## Aim of the task
Under this line are records; the part from the line containing "a close up of" through the line containing "Close up footage" should be repeated exactly. Please exclude pictures.

## Exercise inputs
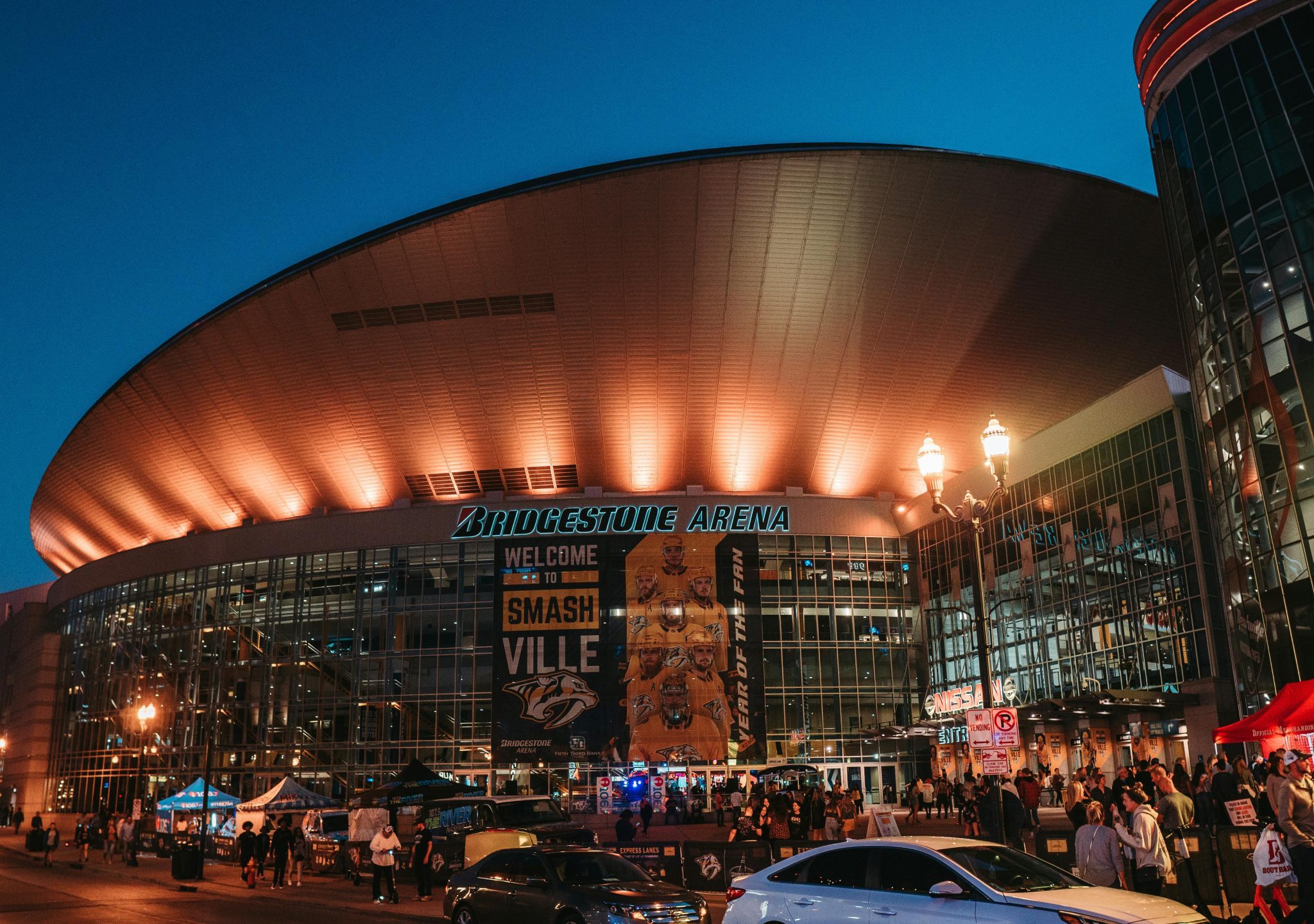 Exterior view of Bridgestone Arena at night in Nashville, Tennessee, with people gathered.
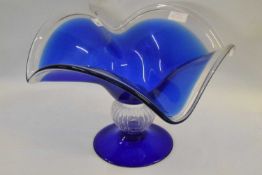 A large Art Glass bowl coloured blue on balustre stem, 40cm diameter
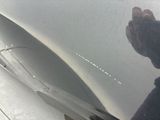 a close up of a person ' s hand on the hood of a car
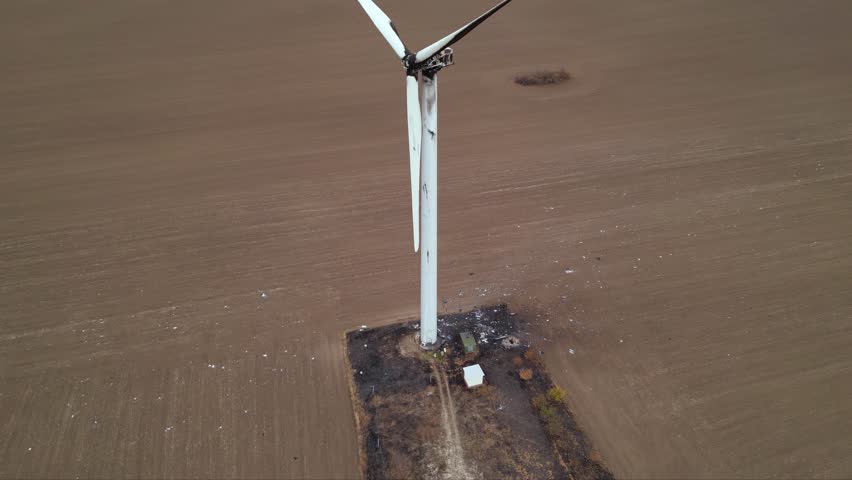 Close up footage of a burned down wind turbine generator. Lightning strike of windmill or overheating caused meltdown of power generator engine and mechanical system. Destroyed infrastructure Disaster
--
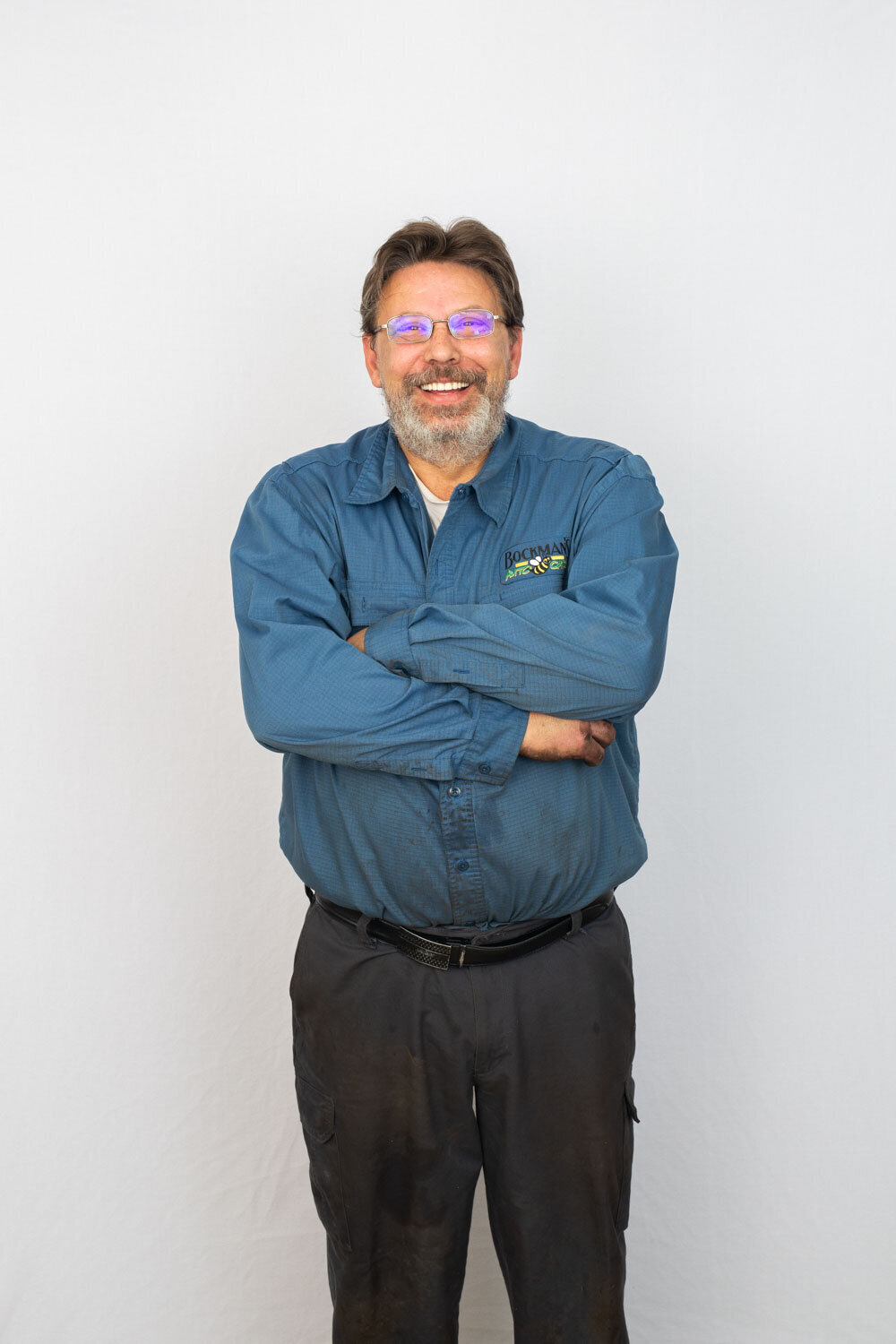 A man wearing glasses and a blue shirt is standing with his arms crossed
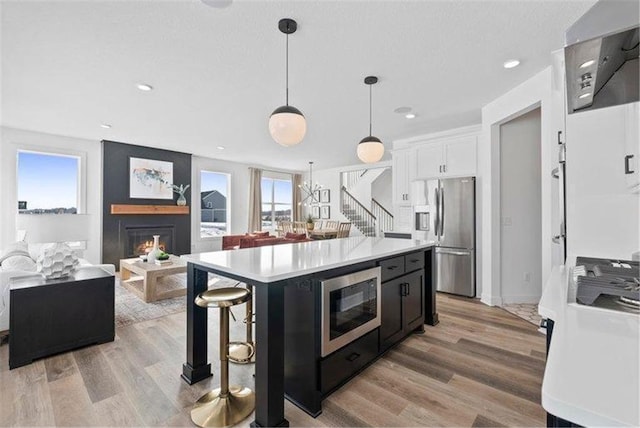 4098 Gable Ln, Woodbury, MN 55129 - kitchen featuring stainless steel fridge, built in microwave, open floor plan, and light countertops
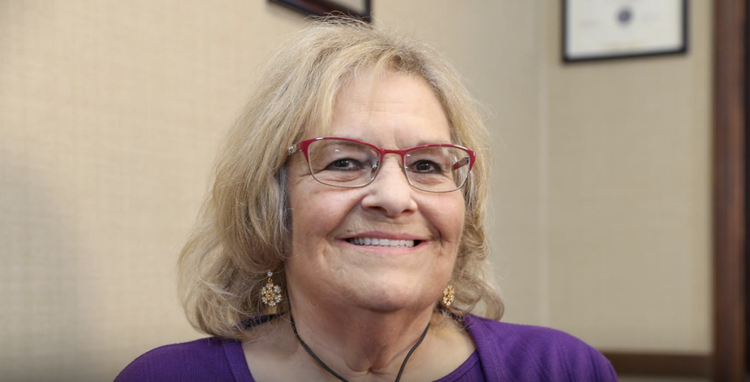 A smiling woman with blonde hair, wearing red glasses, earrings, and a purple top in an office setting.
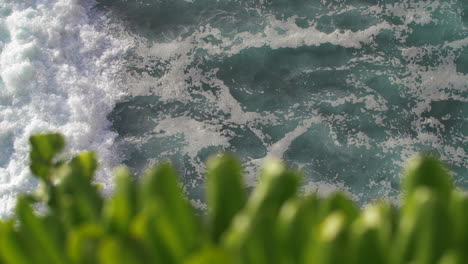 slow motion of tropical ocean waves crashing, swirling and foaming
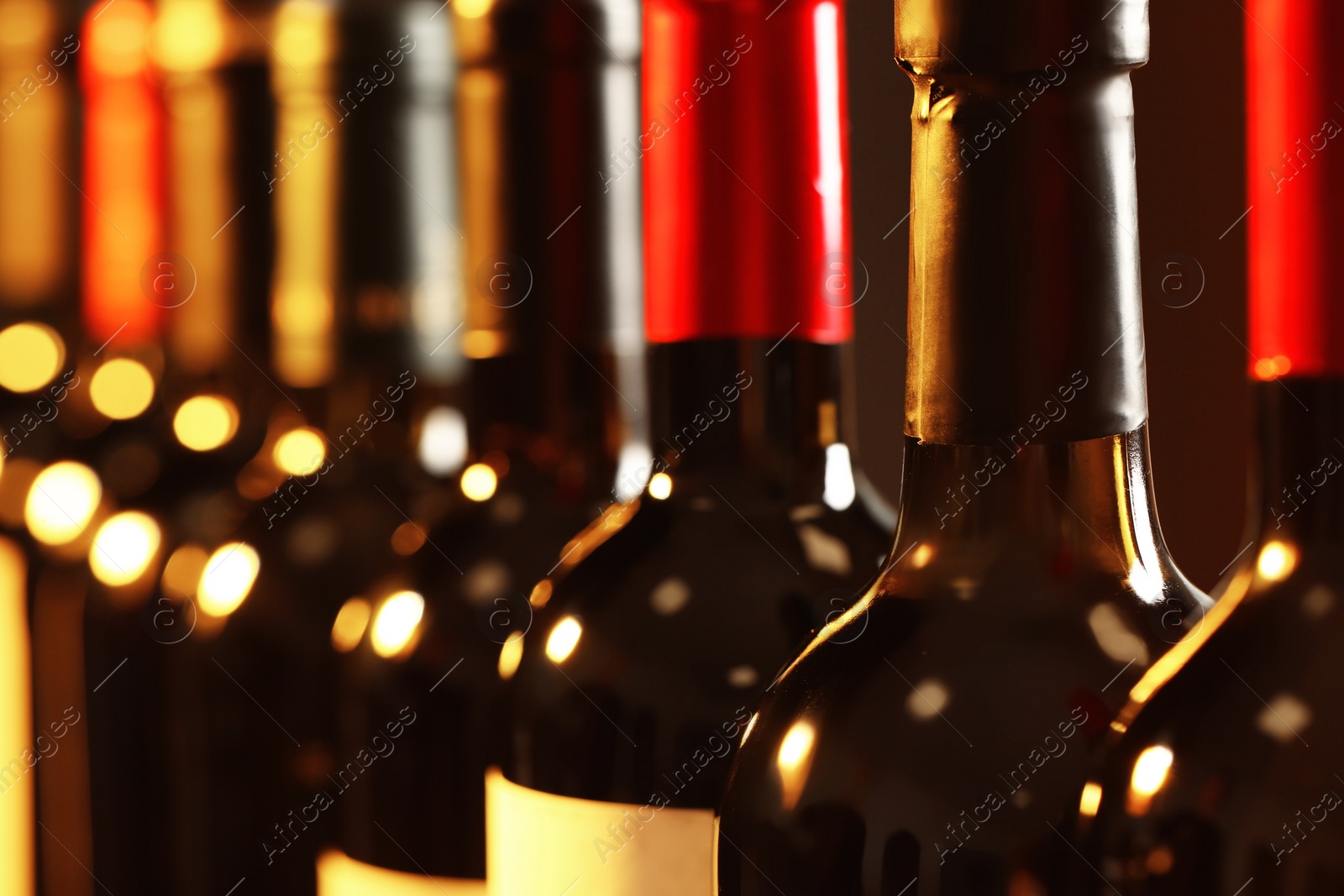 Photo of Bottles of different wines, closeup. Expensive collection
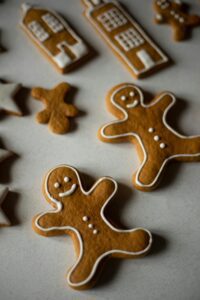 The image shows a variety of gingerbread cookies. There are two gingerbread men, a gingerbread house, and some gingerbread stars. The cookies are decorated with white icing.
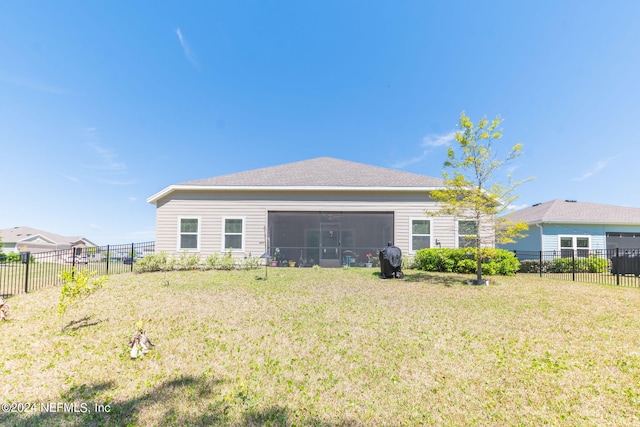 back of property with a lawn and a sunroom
* * *
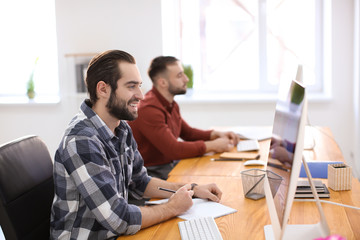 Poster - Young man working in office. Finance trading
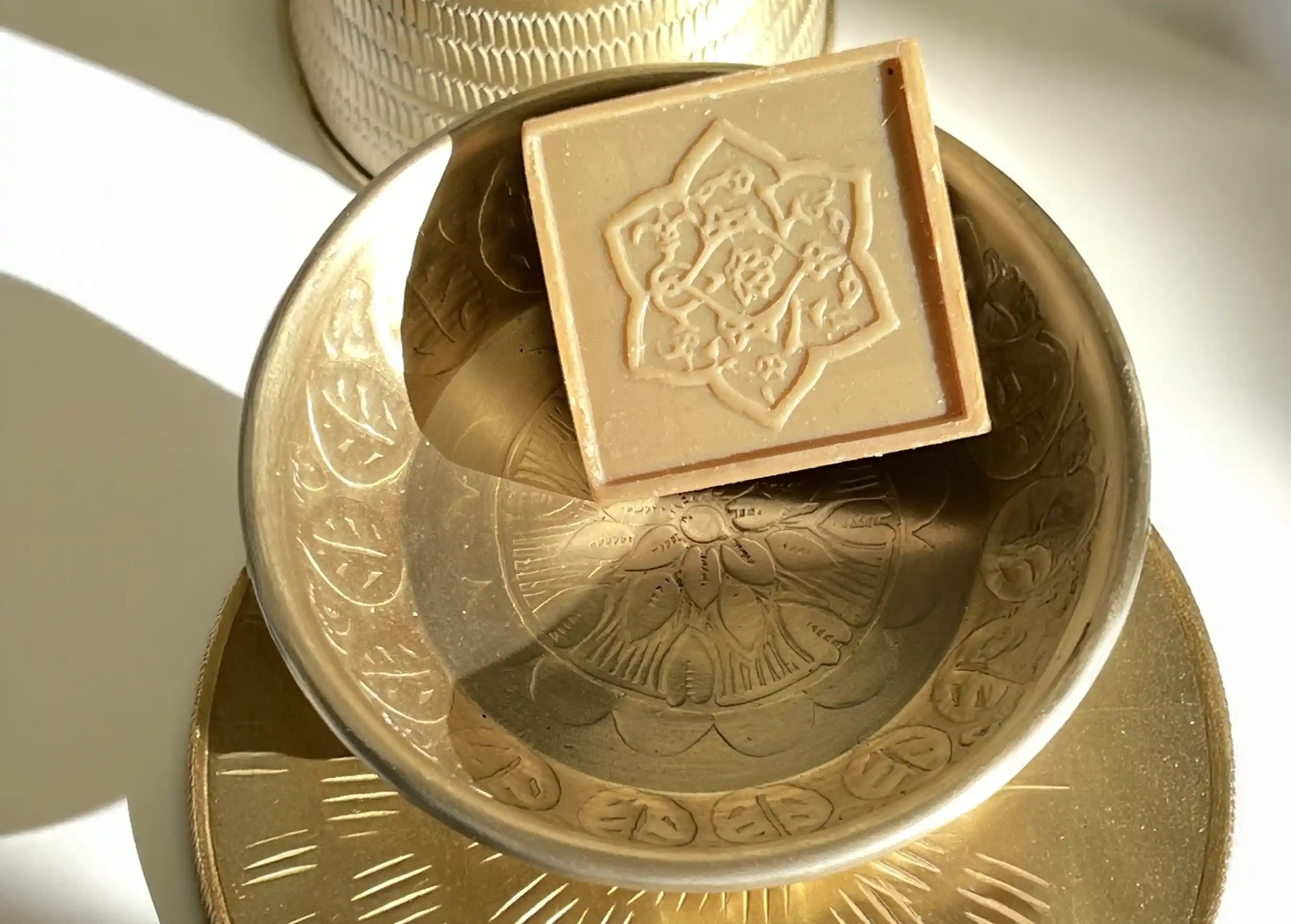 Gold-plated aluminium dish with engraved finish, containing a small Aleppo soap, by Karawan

## Result of this exercise
 a close up of a person ' s hand on the hood of a car
 Close up footage of a burned down wind turbine generator. Lightning strike of windmill or overheating caused meltdown of power generator engine and mechanical system. Destroyed infrastructure Disaster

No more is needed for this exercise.